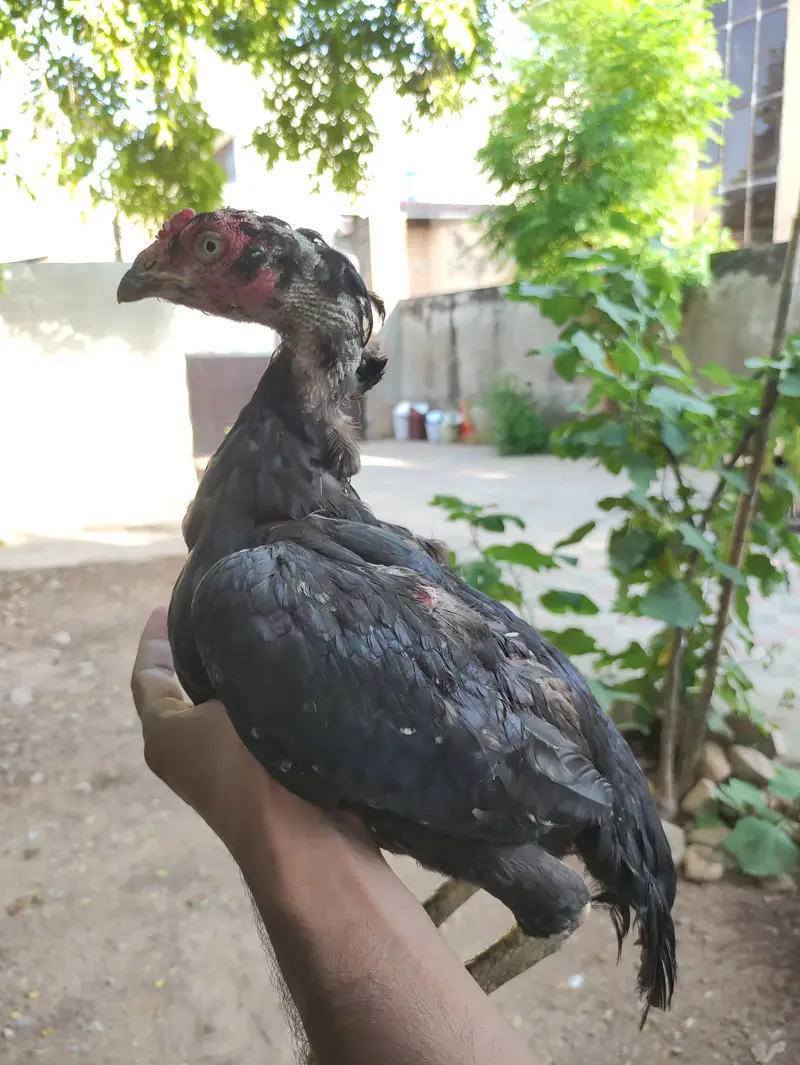 lasani bangum aseel — photo 9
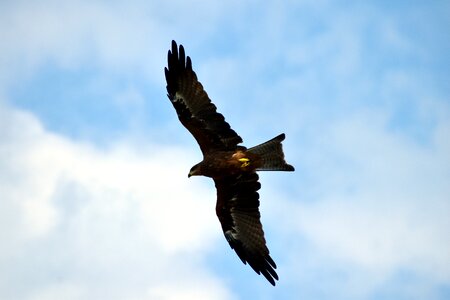 Flying predator bird flight
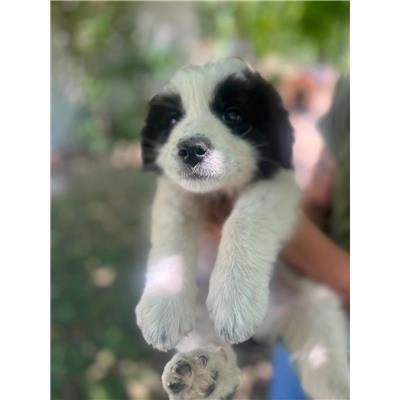 COMUNE DI CERCEPICCOLA - CANE - Microchip 380260170320035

# # # # #

> **What the task requires**:
Pictures are not part of the copy; transcribe the rest of the data verbatim.

> **Result**:
 lasani bangum aseel — photo 9
 Flying predator bird flight
 COMUNE DI CERCEPICCOLA - CANE - Microchip 380260170320035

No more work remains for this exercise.